PaulAdenot: memory copies add up pretty quickly
… for the audio part, it's not so much that we big objects, but we have extremely high number of them
… so touch memory very often, which also piles up
… one thing is to have lower level APIs without fancy syntactic sugar
… and carefully check where the memory is coming from, and can it uses float32 / WASM buffers

Jan-Ivar: (WebRTC, WebTransport) +1 to Paul
… we've been talking about sources and sinks for memory copies
… but we need to look at the full pipe chain
… decode, modify, play - each of the nodes to access the memory
… do you build the API around the memory optimization path?
… or do you build a declarative pipe chain and leave it to the browser to optimize?
… WebCodecs is not using streams, whereas WebTransport, WebRTC are
… the streams spec has pipeTo allows processing to happen in-parallel-but-not-really
… not clear whether it does allow for the clean API we would like
… if webcodecs doesn't participate in the declarative API, will the whole approach still work?

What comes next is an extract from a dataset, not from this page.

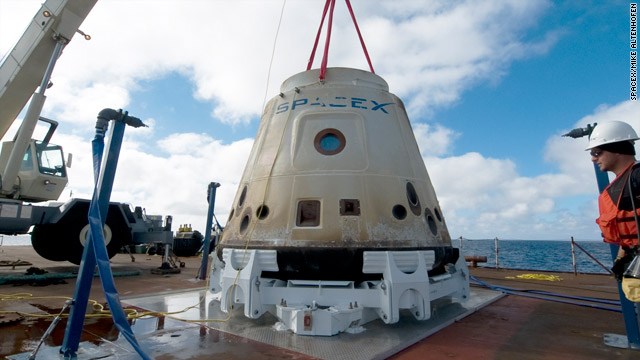 SpaceX gets permission to send Dragon to ISS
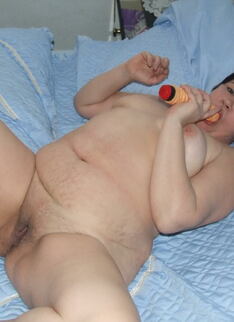 This Chubby Mama Gets Horny On Her Bed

Francois: so we've looked at the technical issues
… I'm hearing we're confident there are scenarios where this needs to be approached
… do we need a specific coordination to make progress on this? or is it already happening on an ad-hoc basis?

Paul: pair-wise / opportunistic approaches are what we've been doing so far through overlap of participation
… the solution might not be always the same
… but learning from what has been done in other groups has translated wells in the past
… there would be value in better API consistency, incl for ease of use for developers
… more could be done

Ken: I've sat on WebGPU-WebCodecs discussions - they indeed tend to happen pair-wise
… the pattern of passing memory - it remains to be seen if it applies to the all the use cases we have
… would it make sense to create a CG to host these cross-groups discussion?

<MikeSmith> https://‌github.com/‌WICG/‌proposals is one possible place

Keith: is there some kind of a new primitive? a JS object of some kind around which we could coordinate
… may still be difficult

DanS: +1 - getting clarity from other groups beyond happenstance would be great

MikeSmith: one possible place I pasted the URL on IRC - we have a repository which is under the WICG organization for proposals
… one lightweight way would be to raise an issue there and to use that as a coordination place
… I don't know if that's the best fit, but that's one of the motiviations for this repo

Francois: assuming this would work wrt "where", "who" would be willing to contribute?

<Chai> +1

[ChrisC, Paul, Ken, DanSanders, Chai volunteer]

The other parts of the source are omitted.